Tokyo: Donald Trump on Monday became the first foreign leader to meet Japan's newly-enthroned Emperor, Naruhito - an honour Prime Minister Shinzo Abe hopes will help charm the US president when it comes to thorny trade talks.
After Trump and Naruhito greeted each other in the Tokyo palace, they stood outside on a red carpet for the two countries' national anthems, the flags of the close allies fluttering in the breeze under clear skies.
While a military band played, Trump, in a dark suit and red tie, reviewed the Japanese honour guard and greeted dozens of Japanese and visiting US officials, including top White House trade negotiator Robert Lighthizer and hawkish national security advisor John Bolton.
Naruhito, wearing a light blue tie, and his wife, Empress Masako, who was in a white hat and jacket, accompanied Trump and his wife, Melania, who wore a summery white dress and tall red high heels.
Walking together through the palace, notable for its elegant, restrained decor, the two couples then sat down for a further chat where official translators found themselves with little to do - Naruhito having gone to Oxford and Masako graduating from Harvard.
About 50 minutes later, Trump and the First Lady returned to the "Beast" limousine and the US president departed for his next meeting: a summit and lunch with his avowed friend Abe.
In the evening, Trump and Melania will be back at the palace for a banquet.
That will mark the lavish high point in a Japan visit laden with feel-good moments aimed at celebrating US-Japanese ties at a time of growing regional uncertainty due to US trade policies, a rising China and nuclear-armed North Korea.
Dining with Abe and their wives at a typical Tokyo grill restaurant on Sunday, Trump said he was having "a great time" and looking forward to meeting Naruhito, who took the Chrysanthemum Throne only three weeks ago, after his father stepped down in the first abdication in two centuries.
Trump called the occasion "a great honour".
Earlier, the two leaders had played golf, stopping for a grinning selfie. Trump also took a star turn at a prestigious sumo tournament when he presented a gigantic trophy, brought from the United States, to the champion.
Abe is hoping these good vibes will spread into serious talks on US-Japanese trade and military ties.
And he may be getting results.
Within an hour of touching down in Tokyo on Saturday, Trump railed against what he sees as a trade imbalance between the world's top and third-largest economies and vowed to make the relationship "a little bit more fair".

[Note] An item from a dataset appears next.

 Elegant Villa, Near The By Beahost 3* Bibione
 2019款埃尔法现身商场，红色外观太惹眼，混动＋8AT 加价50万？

On Sunday, however, Trump already struck a softer note, saying that "much" of that deal would wait until Abe faces upper house elections likely in July - as rumours swirl that the popular prime minister will combine that vote with a snap general election.
With his trade war against China getting bogged down, Trump won't want another dispute to rock the boat for his closest Asian ally.
Top Japanese and American trade negotiators spent more than two hours locked in talks on Saturday night but failed to achieve a breakthrough, although the Japanese side said there was more "understanding" between the two sides.
On North Korea, Trump appeared to undercut his own national security advisor, Bolton, by downplaying two recent short-range missile tests by the totalitarian country's all-powerful leader Kim Jong Un which raised tensions in the region.
"North Korea fired off some small weapons, which disturbed some of my people, and others, but not me," Trump tweeted.
"I have confidence that Chairman Kim will keep his promise to me."
Before Trump landed in Tokyo, Bolton had told reporters there was "no doubt" that the launches contravened UN Security Council resolutions, the first time a senior US administration official has said this.
The issue is bound to come up as the leaders meet families of people abducted by North Korea during the Cold War era to train Pyongyang's spies, an emotive issue in Japan that Abe has pressed Trump to raise in talks with Kim.
The nationalist Abe himself has frequently offered to meet Kim to solve the "abductee problem", as it is known in Japan.
On Tuesday, Trump is expected to address troops at a US base in Japan, highlighting the military alliance between the two.
His visit there will underline another big US priority - arms sales to Japan, which is considering revamping its air force with advanced US F-35 warplanes.
Japan to buy 105 F-35 US stealth warplanes: Trump
Japan plans to buy 105 US-made stealth warplanes, US President Donald Trump said on Monday, giving it the largest F35 fleet of any US ally, according to the American leader.
Trump, in Tokyo for a state visit, said Japan "has just announced its intent to purchase 105 brand new F35 stealth aircraft... This purchase would give Japan the largest F35 fleet of any US ally."